Blanton v. Frye

158 S.E.2d 57 | N.C. | 1967

158 S.E.2d 57 (1967)
272 N.C. 231

Willie A. BLANTON
v.
Doris Munday FRYE.

No. 359.

Supreme Court of North Carolina.

December 13, 1967.

*59 Byrd, Byrd & Ervin, John W. Ervin, Jr., Morganton, for plaintiff appellant.

Patton & Starnes, by Thomas M. Starnes, Morganton, for defendant appellee.

HIGGINS, Justice.

The pleadings present issues of defendant's negligence and plaintiff's contributory negligence. At the close of all the evidence, the Court, without assigning any reason, entered judgment of compulsory nonsuit. Either insufficient evidence of defendant's negligence or evidence of plaintiff's contributory negligence as a matter of law would sustain the judgment.

The parties admitted the accident occurred at night. At the time the plaintiff approached the scene of the accident, the defendant's Oldsmobile was at an angle across the south lane of U. S. Highway 70. The rear end was about 3 feet from the south shoulder. The front was 1 or 2 feet across the center line. The plaintiff was blinded by the lights of vehicles meeting him and failed to see the defendant's disabled automobile until he was "within 50 feet" or as he told the officer "until he was right on it".

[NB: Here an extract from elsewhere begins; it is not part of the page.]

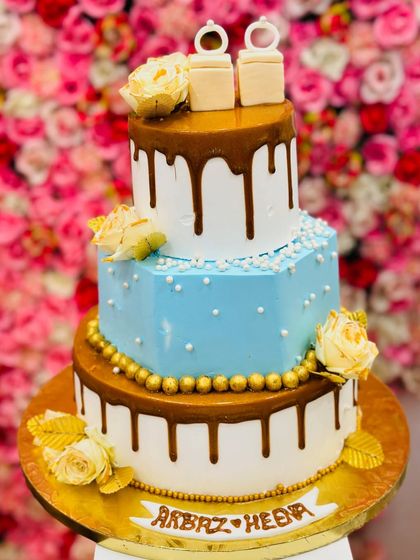 Elegant Tiered Cakes photo 11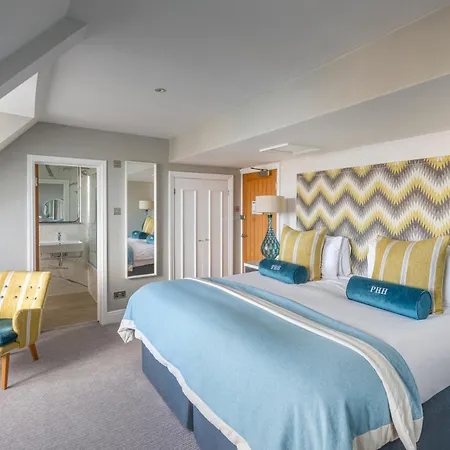 Hotell Harbour 4*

All the evidence disclosed the defendant had left the home of her mother-in-law and attempted to enter U. S. Highway 70 from the south, intending to cross the south lane and travel west. However, as she entered the highway, the motor suddenly cut off. Her attempts to start the motor failed. The gears were released and the vehicle would not coast in either direction. The plaintiff cut sharply to his right, missed the defendant's vehicle, but struck a bank and sustained injuries.

All the evidence disclosed the defendant's efforts to start the engine failed. She released the gears but the force of gravity was not sufficient to move the vehicle. The defendant could not avoid stopping (stalling) on the highway. Her conduct was not in violation of the law against parking or obstructing the highway. Saunders v. Warren, 264 N.C. 200, 141 S.E.2d 308; Melton v. Crotts, 257 N.C. 121, 125 S.E.2d 396; Meece v. Dickson, 252 N.C. 300, 113 S.E.2d 578.

In the emergency which had suddenly arisen, without fault on her part, it was the defendant's duty to give passing motorists such notice of the danger her vehicle created as the occasion permitted. She continued her efforts to start the engine and, according to her evidence, kept her lights on. The plaintiff alleged she had parked without lights. He testified he saw the *60 automobile blocking his traffic lane. "I did not see any lights. * * * I cut to the right to avoid hitting her in the side". Not once did the plaintiff say the lights were not on, or that he could have seen lights had they been on. Obviously, the side view did not readily expose either the front or the rear lights. His statement that he did not see lights is without probative force. The physical evidence, in the light of the plaintiff's testimony, indicate he was not in a position to see lights on the defendant's vehicle. His testimony goes no further than to say "I did not see any lights". Had he gone further and testified he was in a position to see lights and did not see them, a different question probably would have confronted Judge Latham. The plaintiff did not see the vehicle until he was right on it, according to his own statement. His attention thereafter was devoted to his efforts (happily successful) to avoid "striking her in the side".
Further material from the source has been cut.